3D-Printed Constitution; Perceptions Come Alive
“You see things; and you say 'Why?' But I dream things that never were; and I say 'Why not”' - George Bernard Shaw
How many times have we studied Constitutions during our academic days? We learned it by heart, made notes, read reviews, and sat for examinations and even sometimes debated on this age old Constitution. Our perception and view on the Constitution differed from others based on several personal, social, cultural and other parameters. However, in any of those instances, have you ever thought of getting a 3D print of a constitution based on how you look at it? Most probably, you may not even have dreamt about such an innovation, let alone thought about it. Marking the World Creativity and Innovation Day, it is worthwhile to have a look at an interesting model developed by “GroundViews”, the media unit of the Centre for Policy Alternatives (CPA), in collaboration with the Friedrich Naumann Foundation for Freedom (FNF) Colombo office.
In 2015, CPA launched the “Corridor of Power” project to explain the evaluation of Sri Lanka’s constitution since 1972 in an architectural way by developing building structures. In a series of exhibitions which aimed to trace Sri Lanka's constitutional reform was depicted in a pictorial manner using large format drawings, 3D flyovers, sketches, and models reflecting the power dynamics enshrined in the Constitution.
As an extension to this project, in February 2020, CPA launched the “Frames of Power” project, which is an innovative web platform for citizens to visually model & compare perceptions of constitutional powers. This model helps to expose and explore the perceptions of political power individuals hold, from acceptance to resistance. The project was a joint initiative of Sanjana Hattotuwa led by the input of Asanga Welikala, in collaboration with Channa Daswatte. The inventors have highlighted that they have observed both demographical and geographical differences in the perceptions among the Sri Lankans. When researching, they have found out that;
“Older men and women spoke of their memories of the constitutional changes, and referendum. Younger members of the public, including children in school, were drawn in by the designs on display to talk about how they saw political power located in or exercised through executive, parliament and judiciary. Parents spoke of their fears and anxieties around violence in the future that would impact the lives of their children, because of the systemic flaws in our present constitution.

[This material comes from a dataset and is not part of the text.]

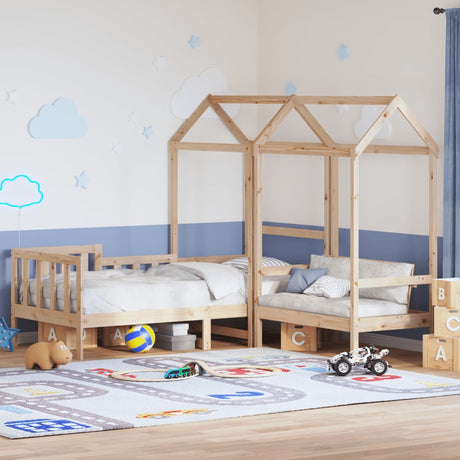 Day Bed And Bench Set With Roof Without Mattress Single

Teenagers and undergraduates spoke of aspirations and how a new constitution could create a context and conditions ripe for their fulfilment. Those in the South engaged differently to those in the North and East, critiquing different aspects of constitutional change. Those within the South didn’t agree either, with audiences in Colombo generating very different conversations to those who are in Galle.”
The main objective of the "Frames of Power" is to create a way in which a visual pastiche of models, which can also be 3D printed physically. These 3D models are expected to reflect the differences of the perception of contemporary Sri Lankan society on the constitutional authority and political power, based on their demographics and geographical location. The “Frames of Power” project website enables any individual to create 3D models which portray an accurate visual representation of what you perceive the constitution to be. They can also be printed out through a 3D printer. A registered user can make a single model, with infinite changes allowed over time.
Sanjana and his team of innovators want to adopt this as a universal model. In their own words; “The goal of this platform is to create a visual gallery - the first of its kind in the world - that captures complementary and competing visions of what citizens think of power and its exercise in Sri Lanka. The framework can be adapted for and adopted in any country. Just as Corridors of Power, through the marriage of architecture and constitutional theory, pioneered an entirely new way of looking at over 70 years of Sri Lanka's constitutional evolution, Frames of Power will over time showcase our diversity, hopes, anxieties and resilience, even in the face of the greatest adversity.”
Marking its timeliness and creativity, this project won an award from the Fast Company “World Changing Ideas” in 2018. As a second step, the project titled “Frames of Power” allowed people to create digital representations of their own perceptions of power in the constitution. Frames of Power has been selected as an honorable mention in the Experimental category as part of Fast Company’s 2019 World Changing Ideas Awards.